**Your goal**:
Exactly as written, reproduce the lines from the beginning of the data through the line containing "Imagem 5: Aluguel"; the pictures are not reproduced.

**Given entries**:
··········

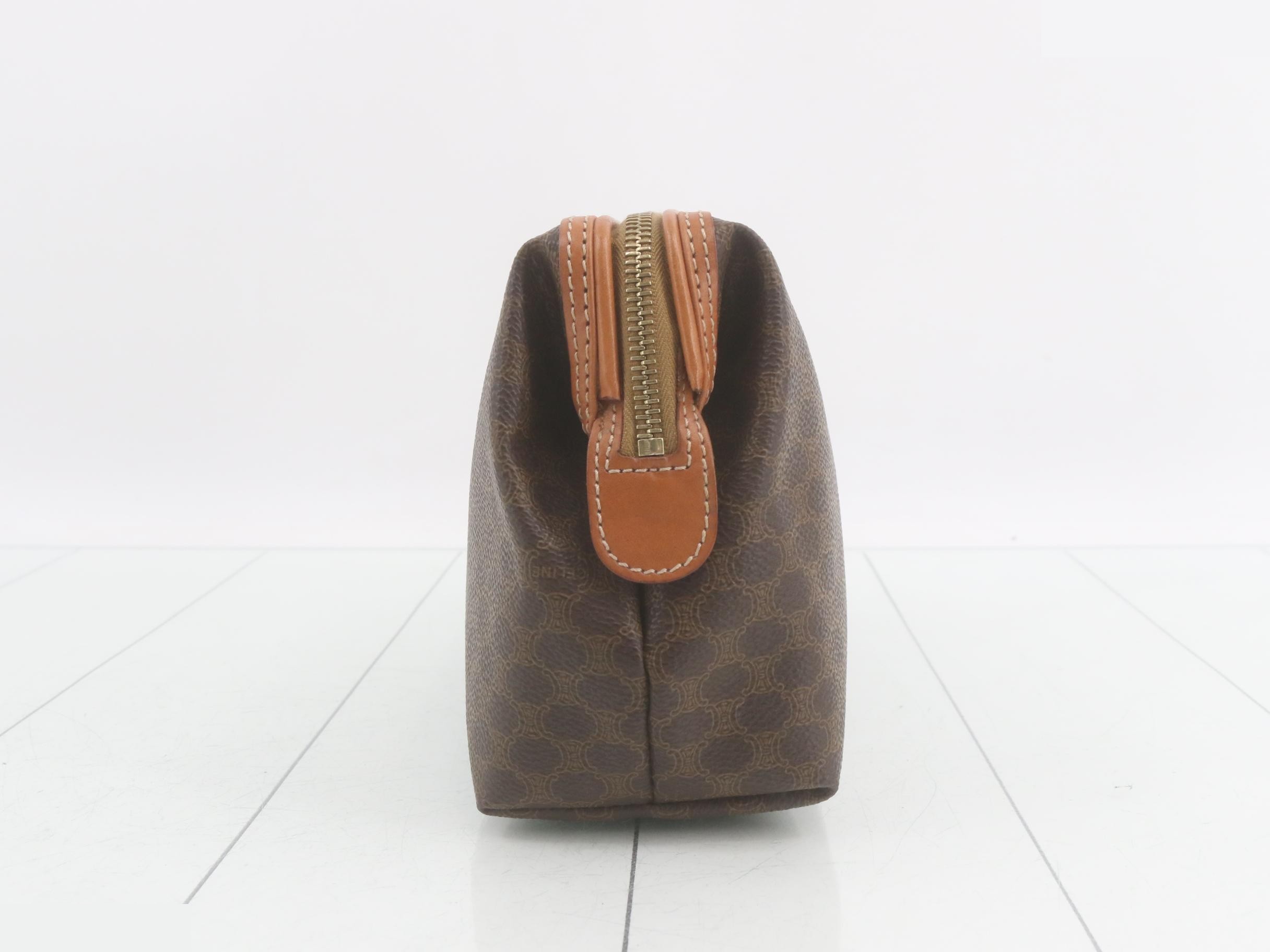 Macadam Pouch — view 3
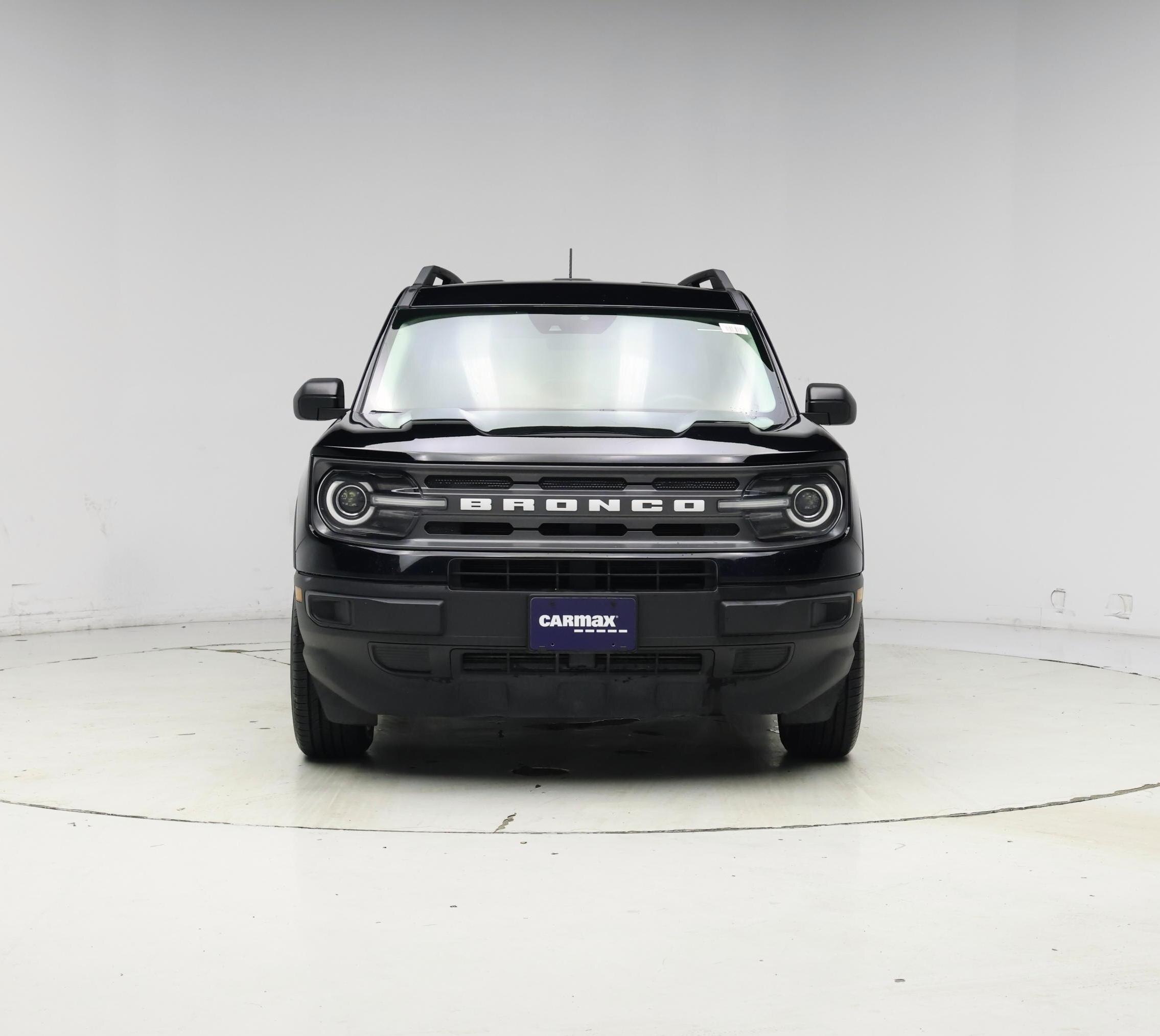 Thumbnail: 2023 Ford Bronco Sport - 5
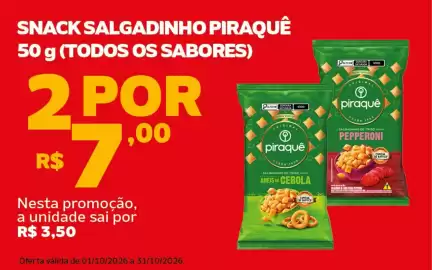Folheto OXXO Página 135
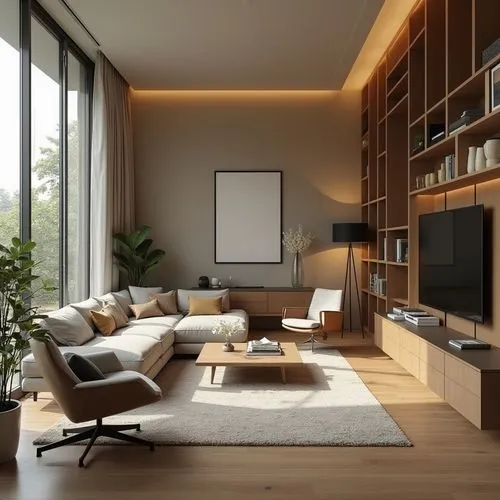 modern living room,living room modern tv,livingroom,modern minimalist lounge,living room,modern room,apartment lounge,interior modern design,modern decor,contemporary decor,tv cabinet,home interior,family room,bonus room,minotti,sitting room,search interior solutions,interior design,apartment,modern style,Photography,General,Realistic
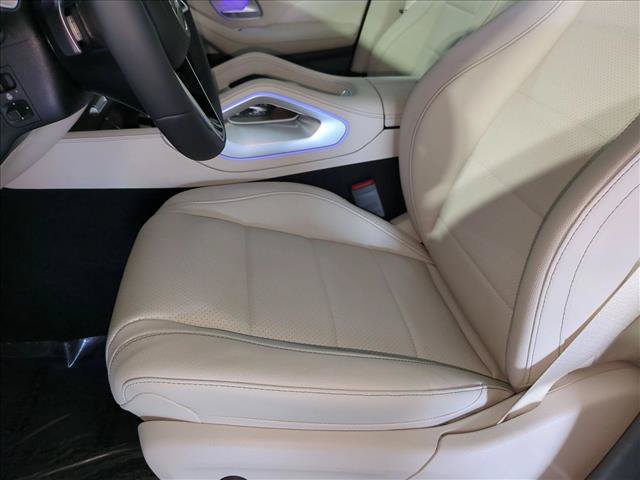 New 2026 Mercedes-Benz GLS 450 4MATIC image 4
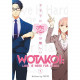 WOTAKOI LOVE IS HARD FOR OTAKU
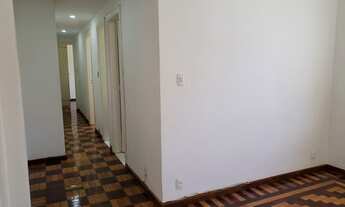 Imagem 5: Aluguel de apartamento de 2 quartos, 1 vaga e dependência completa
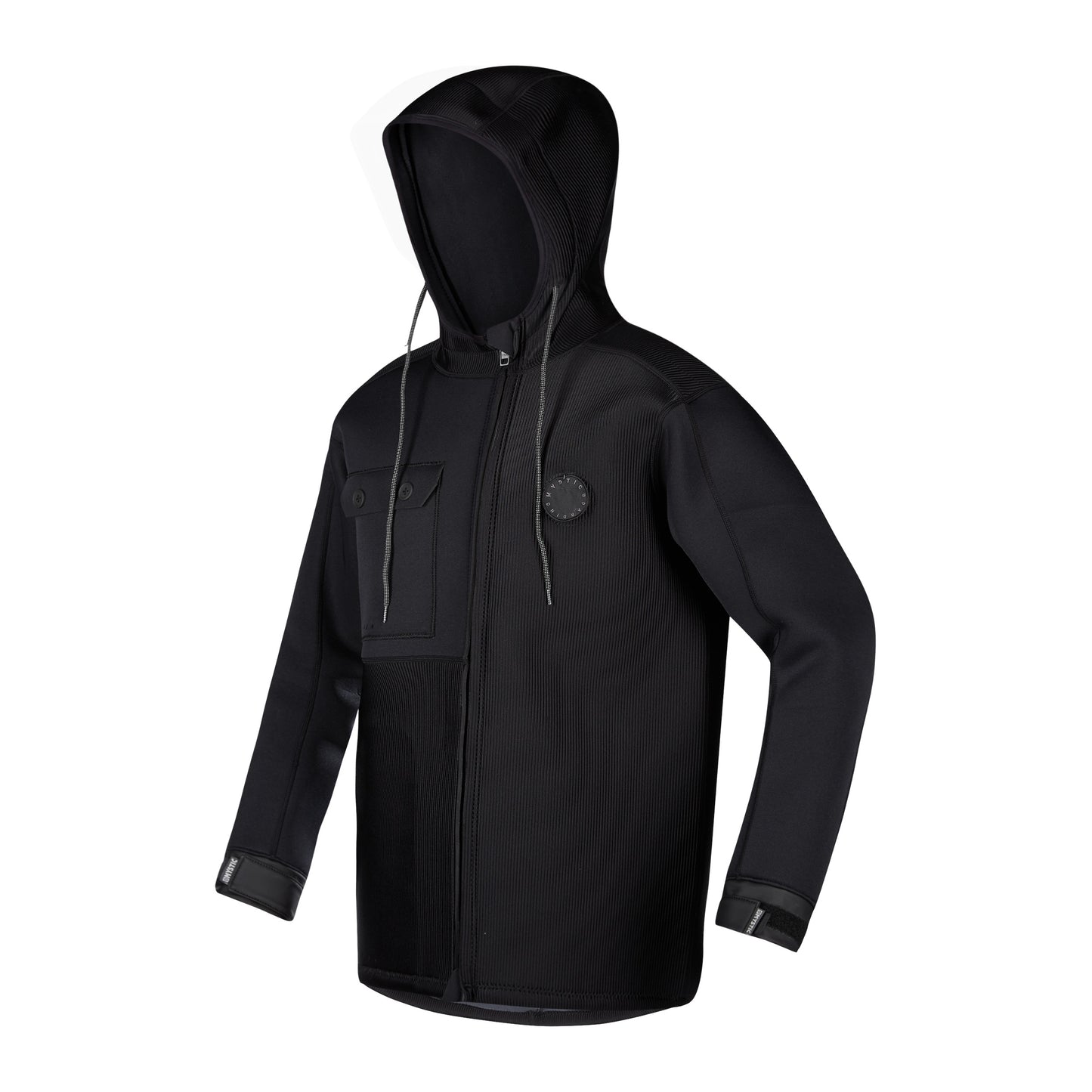 Mystic Ocean Jacket - Jackets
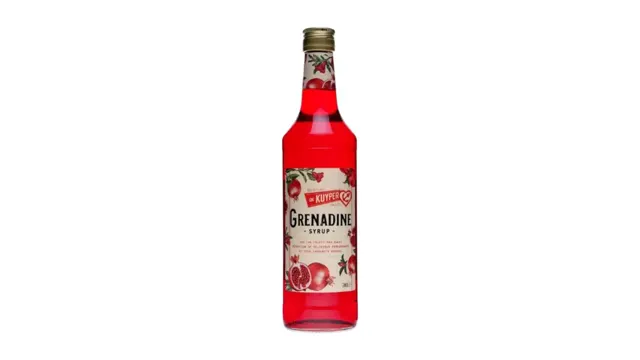 Liker Grenadine DK 0.7l DK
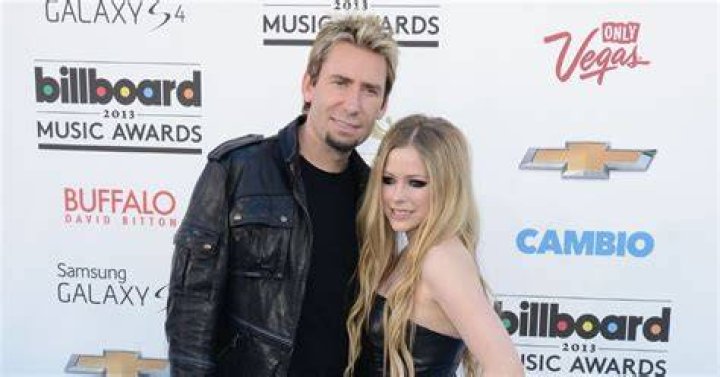 Uncover The Truth: Is Chad Kroeger Married Or Single?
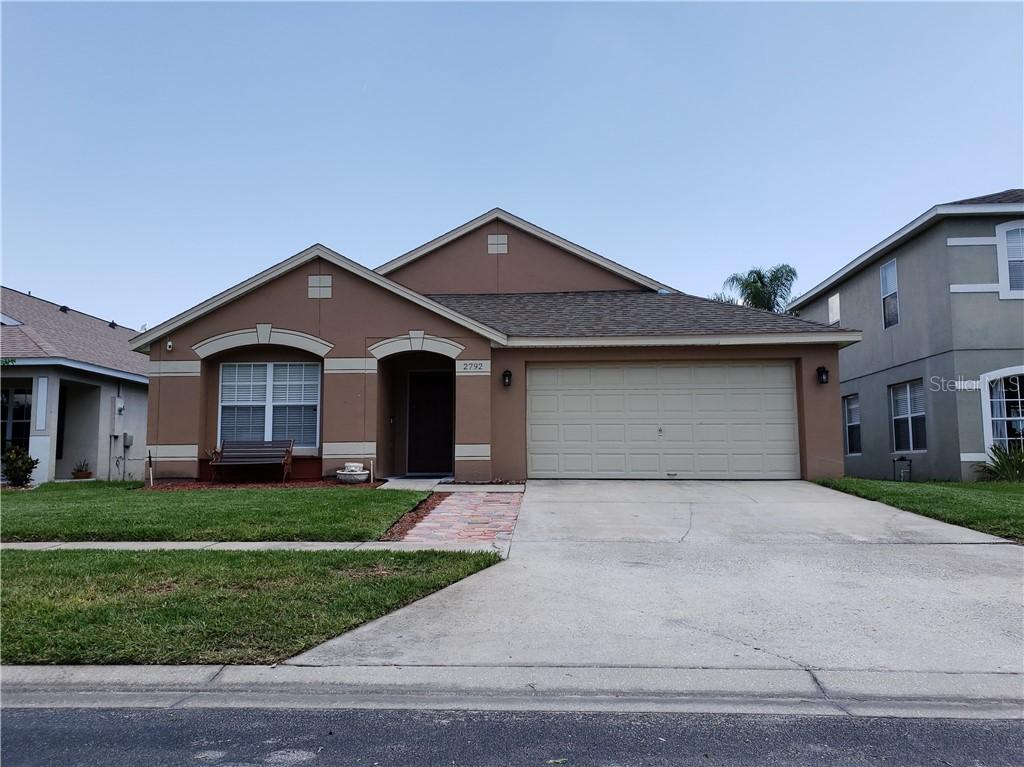 2792 Snow Goose Ln., Lake Mary, FL 32746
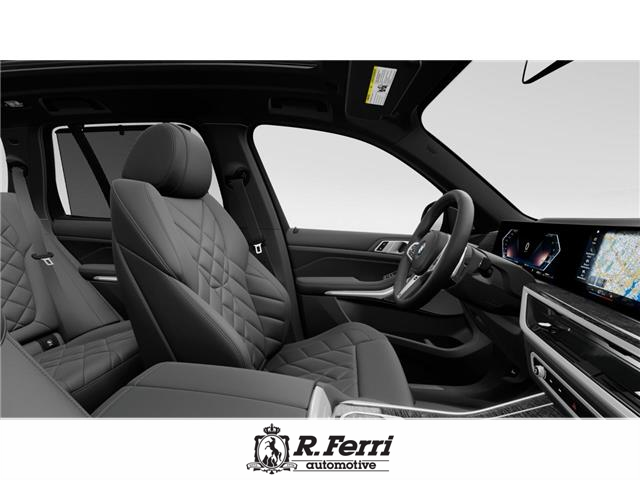 2026 BMW X5 xDrive40i (Stk: 34901) in Woodbridge - Image 9 of 14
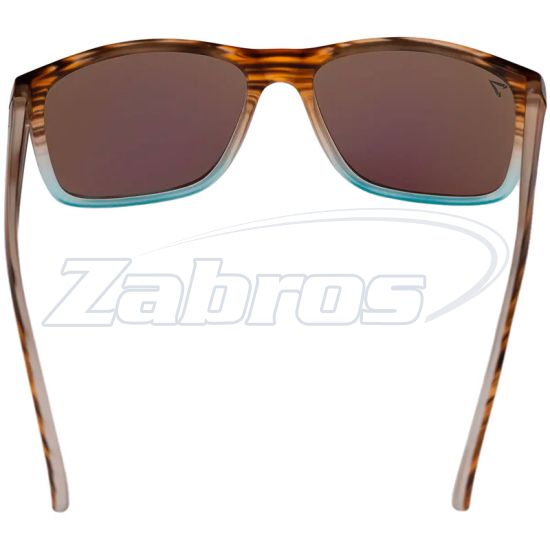 Фотография Select Jungle Brown Floating, плавающие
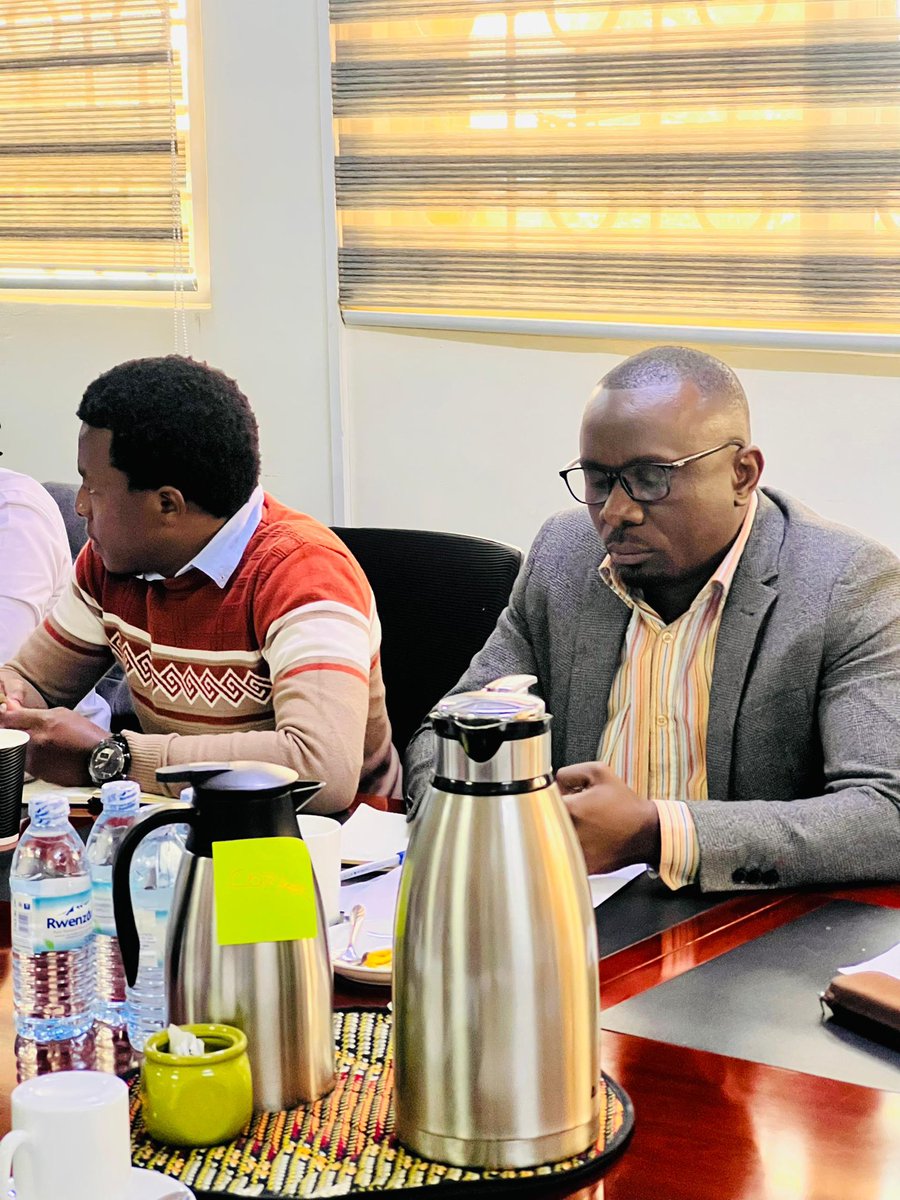 Hon. Waiswa Emmanuel🇺🇬 (@waiswaemma19726) on Twitter photo Theme: "Leveraging Youth, Innovation & Technology for Responsive and Inclusive Tourism"
Proudly hosted by <a href="/UgandaMombasa/">Uganda Consulate Mombasa</a>
@AmbPaulMukumbya
#UgkeCoastTourismConference Theme: "Leveraging Youth, Innovation & Technology for Responsive and Inclusive Tourism"
Proudly hosted by <a href="/UgandaMombasa/">Uganda Consulate Mombasa</a>
@AmbPaulMukumbya
#UgkeCoastTourismConference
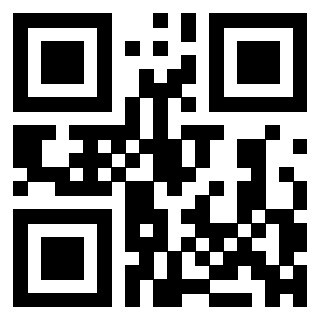 3304814957 - Immagine del Qr Code associato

··········

**Result of the task**:
 Macadam Pouch — view 3
 Thumbnail: 2023 Ford Bronco Sport - 5
Folheto OXXO Página 135
 modern living room,living room modern tv,livingroom,modern minimalist lounge,living room,modern room,apartment lounge,interior modern design,modern decor,contemporary decor,tv cabinet,home interior,family room,bonus room,minotti,sitting room,search interior solutions,interior design,apartment,modern style,Photography,General,Realistic
 New 2026 Mercedes-Benz GLS 450 4MATIC image 4
 WOTAKOI LOVE IS HARD FOR OTAKU
 Imagem 5: Aluguel de apartamento de 2 quartos, 1 vaga e dependência completa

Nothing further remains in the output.